Vending Machine Repairman’s Ball

“Helen, I have something that I really need to tell you.”

The clock read 12:63 (it was broken), and the pair was settling in for a night of intense humidity and unrest. Helen righted her readers, and the sum of her form contorted at the discomfort only brought by the commencement of a lover’s revelation.

“Jake?” Innumerable scenarios marched through her imagination, a rank-and-file army of unfathomable betrayals and concealed woe.

“Well…It’s about my job.” He was clearly unsettled.

“Oh, no, are they going to ’downsize’ you?” She gestured a set of air-quotes, despite this being one of the more horrible scenes she imagined.

“No, no, not anything like that…I lied about what I do.”

“You mean you’re not a hitman?”

“I’m not. I’m a vending machine repairman.”

“Oh, honey, we’ve been through this, that’s just a cover, you’re really a-“

“No, I’m really not. I just repair vending machines.”

“No you don’t, you murder people for the mafia. You snuff out lives. You say ‘fuhgaddebout it’ and eat spaghetti with gangsters.”

“I don’t. I just fix the controls on vending machines in the tri-county area.”

“But what about all the guns?”

“Sometimes a guy just likes to collect guns.” He had a collection of three revolvers, two Glock variants, and six rifles of various makes. This lethal collection had successfully stolen the life of uncountable bottles and soup cans.

“Okay, but what about all the money?”

“Repairing vending machines is profitable.”

“…But what about that time the guy in the black duster came by, and you grabbed your gun and got in his van and then you didn’t come back for two days? You said that you were out on a hit.”

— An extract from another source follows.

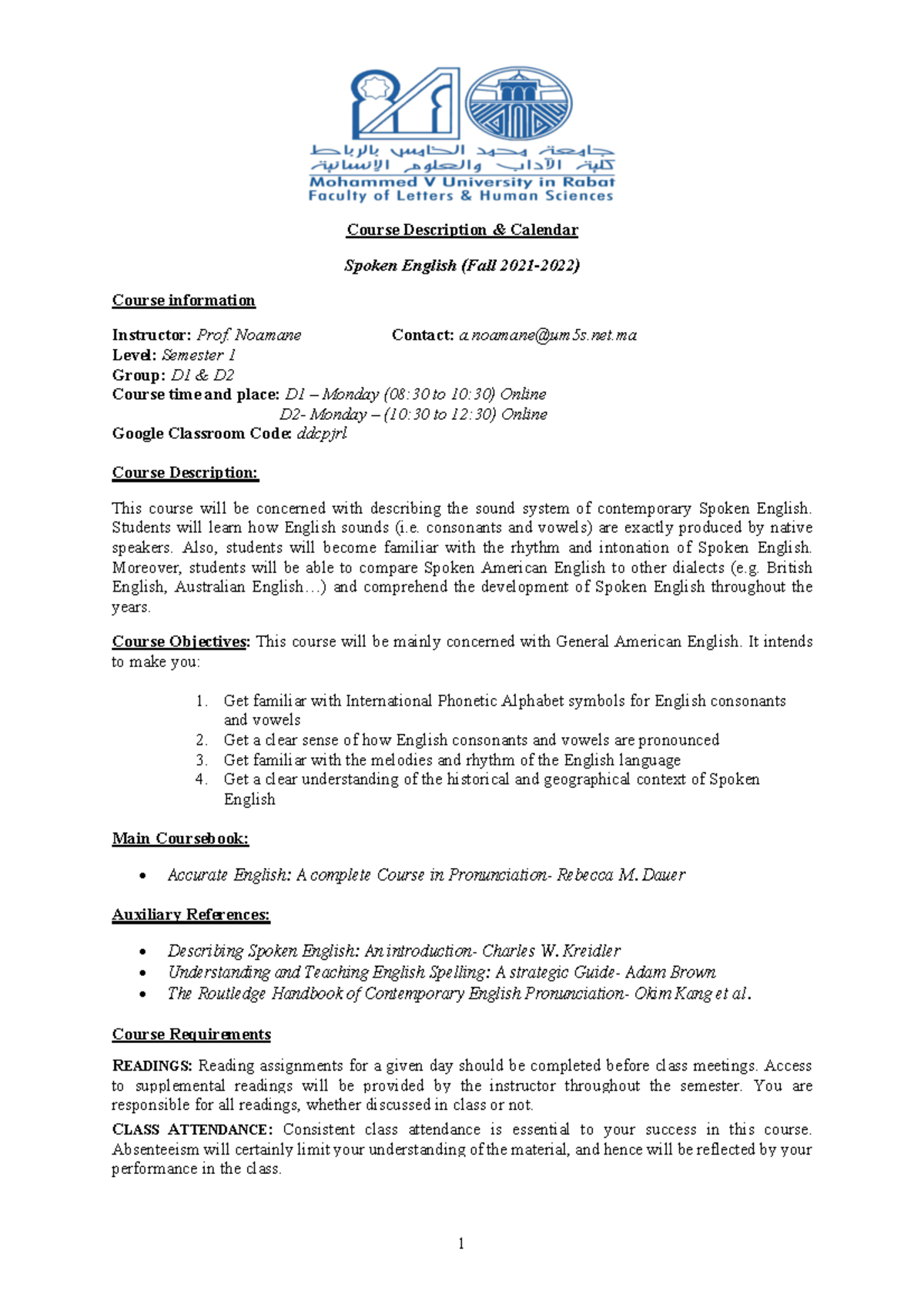 Syllabus- Spoken English Fall - 1 Course Description & Calendar Spoken ...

“That was Jack, my friend from high school. We just went drinking and shot at some chipmunks.”

There lingered one of those rare moments in life where such a contrary notion is introduced that a holy nothingness fills the mind. In this brief glimpse of utter uncertainty, Helena achieved Middle Class Zen. In this moment, she perfectly understood the tax laws of her local municipality, as well as the reasoning behind the 2-cent surcharge on all pressurized liquids.  If not for her dumbstruck silence, she could rhapsodize on the benefits of Roth IRAs and portfolio diversification, espouse the joys of SUVs, define the exact reasons the local grocer refused to carry Mexican beef, and assume a posture of general knowledge regarding all topics in-between. All was clear in that moment, until the chemicals and electric constituting her focus decided to resume contemplating the pressing issue.

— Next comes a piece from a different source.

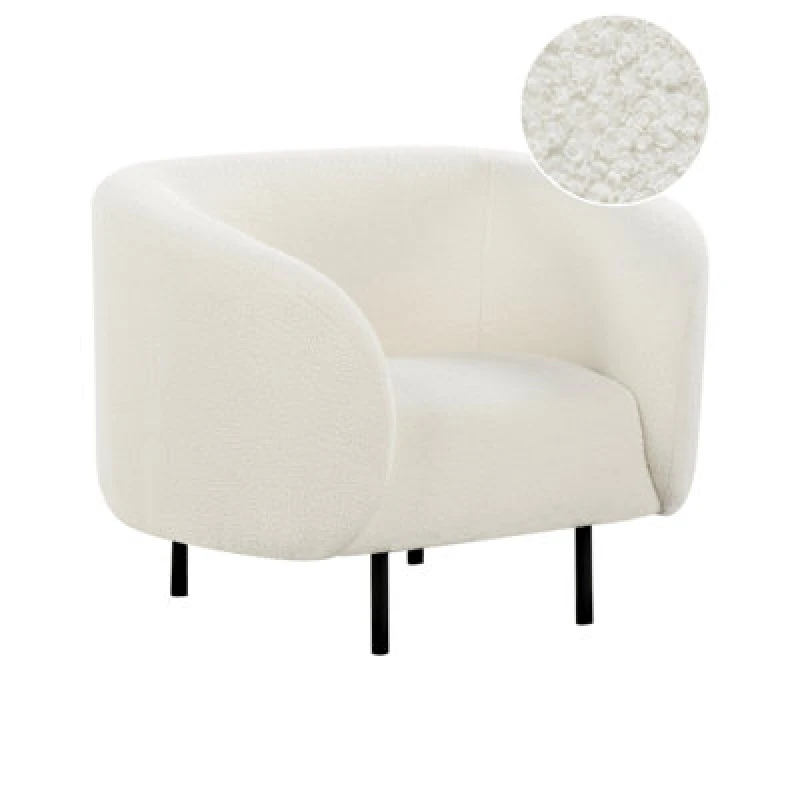 Image of Beliani Boucle Armchair White And Black Loen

“But..Why would you lie about that?”

“We had just started dating, remember, and we saw that movie with the guy. The handsome guy who was in those other movies about the British people and the castle, you know the ones, and he was an assassin whose cover was a vending machine repairman, remember?”

“Yeah, I remember, that was our third date.”

“Right, well I said I thought that looked like an interesting job, and then you got so excited about the danger of it and everything.”

“Well it’s exciting, dating a criminal!”

“I wasn’t talking about assassinating people, I was talking about repairing the vending machines.”

How is that more interesting than being a hired gun?”

“It just is, alright? You just can’t understand. Girls just don’t get the allure of vending machine repair.”

“Jake.” She frowned.

“I’m sorry, it’s just…This is difficult.”

“Well…As long as we’re being honest…”

“Huh?”

“I’m not actually a model, I just do data entry down at Genicorp.”

“I can’t believe you’d lie to me about that.”